Comedian Nath Valvo spent five minutes at the 2018 Melbourne International Comedy Festival Gala arguing that the real endurance event was being dragged to his boyfriend’s triathlon. Eight years on, the clip has clocked more than 2.5 million views on Facebook.
The trouble started when his boyfriend, Cody, signed up for a triathlon in Noosa. Cody issued a simple invitation for race day. He told his partner to “come and watch and don’t be a bitch”.
Smartwatches and morning runs
Valvo ruthlessly mocked modern fitness culture and its obsession with tracking metrics. He pointed out a harsh truth for the smartwatch crowd: if you are older than two, nobody cares how many steps you have taken.
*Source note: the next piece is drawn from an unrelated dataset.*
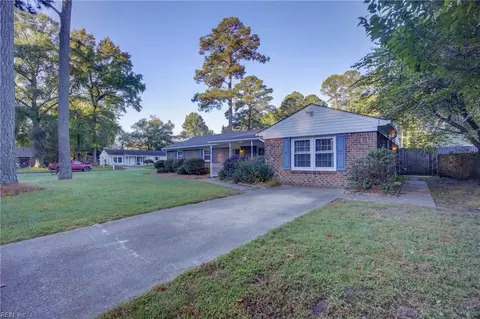 Exterior - 424 Blanche Dr E, Chesapeake, VA 23323 photo 2 of 9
He even suggested a golden rule for fitness trackers. “The more things your watch can do, the less time people want to spend with you”. He also avoided joining Cody’s training group with a very valid excuse. According to Valvo, early morning joggers are always the ones making a “grim discovery” of a dead body on the morning news.
A very early morning in Noosa
The triathlon kicked off at 7:00 a.m. This is a terrifying hour for anyone not wearing activewear. Valvo joked about the stark contrast between athletes and regular people early in the morning. If he is awake at that time, he is usually in a dressing gown telling a local news crew, “I heard a bang then I saw the flames”.
Valvo arrived at the sunny event wearing his standard winter uniform of skinny jeans and a beanie. He felt about as welcome as “pineapple on pizza”. Looking out at the 8,000 participants, he accurately described the crowd as a concentrated gathering of “8,000 people that you don’t want to talk to at a party”.
The ultimate test of patience
Cody finally crossed the finish line after three long hours. There was absolutely zero seating available for spectators during this entire time. Valvo took a quiet moment to reflect on the exhausting morning and realised he was actually “really really proud” of himself. He was ready to head home for his favourite Sunday activity of sleeping.
Unfortunately, the event was far from over. A secret rule of the triathlon community dictates that spectators must wait for everyone to finish. This forced Valvo to sacrifice another four and a half hours waiting for an 83-year-old participant to finish the race. He listened to “bones crackling” and decided there is nothing worse than “the elderly with a zest for life”.
Valvo ended his routine with a blunt piece of advice for any octogenarian athletes who are not currently celebrating ANZAC Day: ” He simply suggested they, “Just “get off the road mate”.